Sharing (Risk Management)
Method where two or more individuals or businesses pay a portion of a loss (e.g., stockholders in a corporation).
Transfer (Risk Management)
Method where an insurance company agrees to pay if the customer has a loss.
Avoidance (Risk Management)
Method of managing risk by eliminating it or stopping the activity that causes it.
Retention (Risk Management)
Method where an individual or business pays for a loss via a deductible.
Reduce (Risk Management)
Method to lessen the chance a loss will occur (e.g., installing a sprinkler system).
1st Party
The insured or the customer in an insurance contract.
2nd Party
The insurance company in an insurance contract.
Contract
A legally enforceable deal between the 1st and 2nd party that defines limits of coverage and conditions.
CANHAM
Acronym for elements of Insurable Risk (Pure Risk): Calculable, Affordable, Non-catastrophic, Homogenous, Accidental, and Measurable.
Adverse Selection
Occurs when a market is filled with high-risk individuals and few low-risk individuals remain due to high premium costs, leading to more payable claims.
Reinsurance
Insurance for insurers.
Ceding Insurer
The insurance company that is reducing its risk by transferring it to another company.
Reinsurer
The company that assumes the risk from the ceding insurer.
Facultative Reinsurance
Type of reinsurance where the reinsurer considers each risk individually before allowing the transfer.
Treaty Reinsurance
Type of reinsurance where the reinsurer accepts all risk of a certain type from the ceding company.
Stock Insurer
Owned by stockholders, issues non-participating policies, and pays guaranteed taxable dividends to stockholders.
Mutual Insurer
Owned by policyholders, issues participating policies, and pays non-guaranteed dividends to policyholders (considered a tax-free return of premium).

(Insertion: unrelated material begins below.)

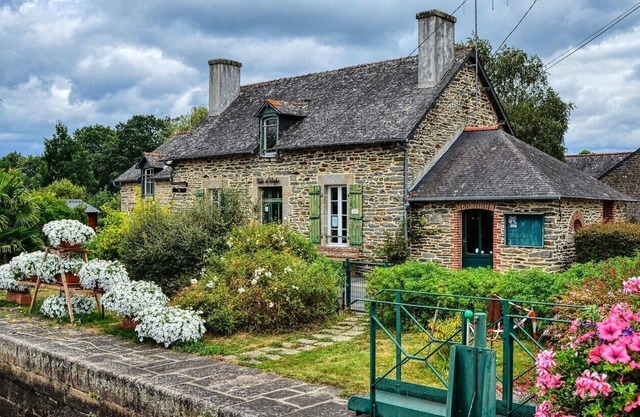 Campsite Le Plein Air Bainsois ** - Louisiane tent 1 room 2 adults + 2 children Without Sanitary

Fraternal Benefit Societies
Exists for the benefit of members (often common religion or ethnic groups) providing insurance benefits called certificates.
Reciprocal Insurers
Unincorporated groups of people known as subscribers who agree to insure each other's losses, managed by an attorney-in-fact.
Lloyds Association
A marketplace or hub where member underwriters individually insure unusual or large risks (e.g., celebrity body parts).
Risk Retention Groups
A liability insurance company for policyholders who must all be in the same type of business (e.g., car dealers).
Risk Purchasing Groups
Groups that obtain coverage for members but are not insurers themselves.
Self Insurers
Entities that retain risk, set aside reserve funds to cover losses in advance, and pay their own claims.
Domestic Insurer
An insurer operating in its home state where it was originally formed.
Foreign Insurer
An insurer formed in one state that works in others.
Alien Insurer
An insurance company formed in another country.
Certificate of Authority
The license required by a state for an insurance company to sell insurance.
Admitted (Authorized) Insurer
A licensed insurance company.
Surplus Lines
Non-admitted carriers that write customizable policies for large or specialized risks (e.g., casinos, skyscrapers) that cannot be purchased just for a lower price.
Independent Insurance Agents
Independent contractors who sell policies for several companies and own the renewals they sell.
Captive (Exclusive) Agents
Independent contractors representing only one company, which owns the renewals of the policies sold.
General Agents (Managing General Agents)
ndividuals who hire, train, and supervise other agents within a geographical area.
Direct-Writing Companies
Companies whose products are sold by employees rather than independent contractors.
Commingling
The illegal act of mixing personal funds with insureds' or insurers' funds.
Agency
A relationship where the insurance agent works on behalf of the principal (the insurance company).
Law of Agency
Legal principle stating that contracts made by the agent are considered contracts of the principal, and the principal is liable for agent actions.
Express Authority
Authority that is specifically written in the agent's contract.
Implied Authority
Authority not written in the contract but implied by the nature of the deal.
Apparent Authority
Authority based on tasks an agent performs that a reasonable person assumes they have the power to do.
Law of Large Numbers
Statistical principle stating that the larger the group, the more accurately future losses can be predicted.